Apart from the flurry of cunners and kelp, there were also crabs, snails and sculpin. The creature lurked on the brown benthos in search of their next meal. I loved to watch them and it was not surprising that these scavengers were unaffected by my presence. As a notable diving location, thanks to the discarded whale bones, I’m sure these critters have had many-a-scuba diver encounters over the years.
As a dive site, Dildo was easy to navigate reaching depths of 20 meters (66 feet) of water. Leaving the shallows and the wharf we headed deeper in search of bones. The muddy escarpment tapered downwards. After what felt like ten minutes of swimming we found one.
It takes a few seconds to register what I’m floating beside – our first whalebone.
The bones were not what I expected. They were excessively porus – likely from microscopic bugs and worms. It reminded me almost of a sponge. I was surprised at how intact and white the bone appeared even after several decades underwater.
During the dive, Joey and I had the chance to find whale ribs, jawbones and vertebrates. All of the bones had become home to other marine life, over the course of time. It was a humbling experience to see and swim in this bone graveyard and imagine the mammoth-sized animal, from which they belonged.
I went scuba diving in a whale boneyard – now that’s something I never imagined myself saying!
While not the most visually stunning place in Newfoundland’s diving repertoire, Joey and I decided to scuba dive Dildo for the experience alone. I mean how many people get the opportunity to spend a dive finding the remains of giants. When in Newfoundland, it’s an opportunity that just can’t be passed up. And on our dive, we certainly found our fair share of whale bones.
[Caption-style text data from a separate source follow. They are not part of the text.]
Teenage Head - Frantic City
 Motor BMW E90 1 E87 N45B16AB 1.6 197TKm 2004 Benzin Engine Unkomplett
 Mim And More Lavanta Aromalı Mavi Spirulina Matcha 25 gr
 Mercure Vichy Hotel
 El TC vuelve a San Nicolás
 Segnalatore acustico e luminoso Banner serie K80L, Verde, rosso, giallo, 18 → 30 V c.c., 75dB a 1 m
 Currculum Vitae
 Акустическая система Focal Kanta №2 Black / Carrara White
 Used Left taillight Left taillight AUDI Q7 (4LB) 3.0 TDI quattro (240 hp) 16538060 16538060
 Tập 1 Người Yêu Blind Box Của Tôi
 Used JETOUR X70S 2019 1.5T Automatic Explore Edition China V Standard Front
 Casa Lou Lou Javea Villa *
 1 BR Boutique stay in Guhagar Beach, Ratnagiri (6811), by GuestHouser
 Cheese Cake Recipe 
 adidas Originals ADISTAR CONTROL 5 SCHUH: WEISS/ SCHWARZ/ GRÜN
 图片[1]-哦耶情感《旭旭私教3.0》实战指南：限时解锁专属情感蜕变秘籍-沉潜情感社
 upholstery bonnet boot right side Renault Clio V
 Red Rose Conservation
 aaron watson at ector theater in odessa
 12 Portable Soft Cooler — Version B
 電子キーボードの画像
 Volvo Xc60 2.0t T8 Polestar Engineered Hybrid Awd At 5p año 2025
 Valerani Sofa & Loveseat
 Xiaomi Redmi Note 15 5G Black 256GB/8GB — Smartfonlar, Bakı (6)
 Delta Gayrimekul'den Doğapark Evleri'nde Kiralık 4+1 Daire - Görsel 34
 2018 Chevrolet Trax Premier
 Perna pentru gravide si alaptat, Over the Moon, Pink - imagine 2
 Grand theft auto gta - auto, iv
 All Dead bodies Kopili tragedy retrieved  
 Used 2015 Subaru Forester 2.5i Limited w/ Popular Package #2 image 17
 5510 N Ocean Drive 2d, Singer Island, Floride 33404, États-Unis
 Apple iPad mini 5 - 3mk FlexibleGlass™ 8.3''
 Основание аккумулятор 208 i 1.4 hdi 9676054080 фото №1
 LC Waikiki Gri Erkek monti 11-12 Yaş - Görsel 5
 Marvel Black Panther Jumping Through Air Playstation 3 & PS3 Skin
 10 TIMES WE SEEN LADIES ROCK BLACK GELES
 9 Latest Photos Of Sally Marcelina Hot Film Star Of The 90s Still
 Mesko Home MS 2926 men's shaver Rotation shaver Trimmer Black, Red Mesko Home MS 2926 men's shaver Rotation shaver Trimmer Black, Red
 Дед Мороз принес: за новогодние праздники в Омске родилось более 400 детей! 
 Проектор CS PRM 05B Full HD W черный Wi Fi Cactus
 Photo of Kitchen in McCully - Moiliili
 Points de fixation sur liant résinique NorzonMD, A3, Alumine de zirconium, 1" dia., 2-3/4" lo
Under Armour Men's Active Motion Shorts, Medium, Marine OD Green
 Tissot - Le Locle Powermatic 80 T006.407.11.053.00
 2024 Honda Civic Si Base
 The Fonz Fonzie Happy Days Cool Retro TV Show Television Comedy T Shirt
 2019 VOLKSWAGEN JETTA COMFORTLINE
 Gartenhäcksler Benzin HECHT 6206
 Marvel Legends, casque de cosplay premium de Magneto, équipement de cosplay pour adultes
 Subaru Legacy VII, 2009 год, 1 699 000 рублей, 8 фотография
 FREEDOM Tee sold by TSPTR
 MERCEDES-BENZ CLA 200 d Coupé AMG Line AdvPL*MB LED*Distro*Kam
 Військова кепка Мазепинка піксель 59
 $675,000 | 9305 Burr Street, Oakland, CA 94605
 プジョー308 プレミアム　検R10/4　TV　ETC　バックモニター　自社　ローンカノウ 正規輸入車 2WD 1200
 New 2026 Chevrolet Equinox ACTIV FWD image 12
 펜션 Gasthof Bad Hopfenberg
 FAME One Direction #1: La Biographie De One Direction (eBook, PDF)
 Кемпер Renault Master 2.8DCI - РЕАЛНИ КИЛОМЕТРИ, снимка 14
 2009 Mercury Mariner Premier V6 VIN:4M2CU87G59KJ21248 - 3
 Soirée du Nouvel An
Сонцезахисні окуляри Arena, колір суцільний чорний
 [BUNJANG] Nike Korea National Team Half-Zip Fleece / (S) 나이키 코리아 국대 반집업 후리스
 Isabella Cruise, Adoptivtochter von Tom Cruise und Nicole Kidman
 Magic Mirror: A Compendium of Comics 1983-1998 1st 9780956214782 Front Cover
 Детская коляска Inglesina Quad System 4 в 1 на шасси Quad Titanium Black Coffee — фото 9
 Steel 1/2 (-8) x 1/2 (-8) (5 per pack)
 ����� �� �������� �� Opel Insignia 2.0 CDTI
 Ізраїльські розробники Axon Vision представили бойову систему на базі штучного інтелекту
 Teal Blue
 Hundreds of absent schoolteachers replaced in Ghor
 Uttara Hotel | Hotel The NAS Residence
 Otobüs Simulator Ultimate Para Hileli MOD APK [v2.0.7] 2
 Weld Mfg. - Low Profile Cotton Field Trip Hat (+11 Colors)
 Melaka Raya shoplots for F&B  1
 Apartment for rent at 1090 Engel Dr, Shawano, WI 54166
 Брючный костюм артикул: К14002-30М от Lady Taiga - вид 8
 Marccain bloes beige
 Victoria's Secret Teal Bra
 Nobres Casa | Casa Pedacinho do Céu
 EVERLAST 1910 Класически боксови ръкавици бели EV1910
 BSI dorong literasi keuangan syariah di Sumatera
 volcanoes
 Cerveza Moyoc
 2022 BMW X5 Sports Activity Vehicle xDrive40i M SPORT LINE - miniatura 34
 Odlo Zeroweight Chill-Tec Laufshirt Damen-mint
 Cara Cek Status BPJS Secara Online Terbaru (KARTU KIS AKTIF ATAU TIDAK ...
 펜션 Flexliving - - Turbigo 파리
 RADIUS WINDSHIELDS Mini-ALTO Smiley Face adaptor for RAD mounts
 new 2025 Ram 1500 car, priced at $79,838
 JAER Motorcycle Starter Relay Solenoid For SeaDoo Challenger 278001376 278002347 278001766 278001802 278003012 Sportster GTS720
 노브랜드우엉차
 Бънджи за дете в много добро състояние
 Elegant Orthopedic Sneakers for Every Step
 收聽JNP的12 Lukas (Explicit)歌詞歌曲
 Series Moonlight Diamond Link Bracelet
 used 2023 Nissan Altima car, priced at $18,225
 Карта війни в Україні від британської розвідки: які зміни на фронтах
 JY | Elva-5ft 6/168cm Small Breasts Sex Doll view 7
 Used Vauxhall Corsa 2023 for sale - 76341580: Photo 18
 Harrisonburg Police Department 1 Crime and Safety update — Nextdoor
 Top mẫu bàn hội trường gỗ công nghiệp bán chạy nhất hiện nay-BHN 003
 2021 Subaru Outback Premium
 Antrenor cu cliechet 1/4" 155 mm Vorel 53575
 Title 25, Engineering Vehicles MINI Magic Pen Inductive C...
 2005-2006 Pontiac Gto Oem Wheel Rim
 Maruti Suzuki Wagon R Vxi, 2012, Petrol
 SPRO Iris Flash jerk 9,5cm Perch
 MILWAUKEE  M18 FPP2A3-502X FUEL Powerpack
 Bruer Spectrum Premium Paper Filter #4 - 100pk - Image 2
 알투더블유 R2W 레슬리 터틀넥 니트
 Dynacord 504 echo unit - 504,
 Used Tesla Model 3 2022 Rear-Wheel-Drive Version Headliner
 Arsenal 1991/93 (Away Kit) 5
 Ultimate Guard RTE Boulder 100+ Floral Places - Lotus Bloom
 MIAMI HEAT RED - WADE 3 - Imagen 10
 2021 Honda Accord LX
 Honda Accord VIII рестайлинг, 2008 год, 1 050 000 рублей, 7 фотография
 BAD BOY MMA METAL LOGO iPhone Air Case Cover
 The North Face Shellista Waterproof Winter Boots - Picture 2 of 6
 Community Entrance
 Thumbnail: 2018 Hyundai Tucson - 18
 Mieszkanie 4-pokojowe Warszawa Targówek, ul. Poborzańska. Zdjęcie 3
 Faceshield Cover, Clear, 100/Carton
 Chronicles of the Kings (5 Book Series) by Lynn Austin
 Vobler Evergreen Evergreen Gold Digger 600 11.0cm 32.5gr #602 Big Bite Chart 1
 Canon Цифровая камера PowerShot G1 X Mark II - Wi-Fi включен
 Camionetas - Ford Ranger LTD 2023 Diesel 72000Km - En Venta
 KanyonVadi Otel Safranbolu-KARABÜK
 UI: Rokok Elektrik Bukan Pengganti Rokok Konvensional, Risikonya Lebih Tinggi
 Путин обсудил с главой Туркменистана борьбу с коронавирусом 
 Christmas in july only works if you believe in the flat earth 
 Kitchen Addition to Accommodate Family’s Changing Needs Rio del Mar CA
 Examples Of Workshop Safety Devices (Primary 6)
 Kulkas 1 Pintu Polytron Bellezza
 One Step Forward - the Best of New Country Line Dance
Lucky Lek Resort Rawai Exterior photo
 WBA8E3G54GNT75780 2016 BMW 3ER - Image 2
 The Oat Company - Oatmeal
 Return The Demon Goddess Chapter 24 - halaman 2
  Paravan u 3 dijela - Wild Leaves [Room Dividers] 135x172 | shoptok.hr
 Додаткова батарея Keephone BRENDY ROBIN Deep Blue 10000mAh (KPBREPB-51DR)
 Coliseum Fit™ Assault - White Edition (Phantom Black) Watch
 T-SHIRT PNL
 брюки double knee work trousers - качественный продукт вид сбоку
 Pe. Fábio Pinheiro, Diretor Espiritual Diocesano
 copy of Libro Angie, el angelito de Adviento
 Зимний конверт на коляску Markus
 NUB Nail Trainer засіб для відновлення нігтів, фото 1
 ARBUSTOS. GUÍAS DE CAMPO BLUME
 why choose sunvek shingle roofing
On the whole, Newfoundland and Labrador was an amazing natural location ripe for diving. Although Dildo certainly didn’t rank at the top of the list in this province per se, when compared to other Canadian dive locations this scavenger hunt of a dive site was certainly appealing.
Have you ever visited an old whaling station? Have you ever gone scuba diving around an old whaling station? What did you think and see?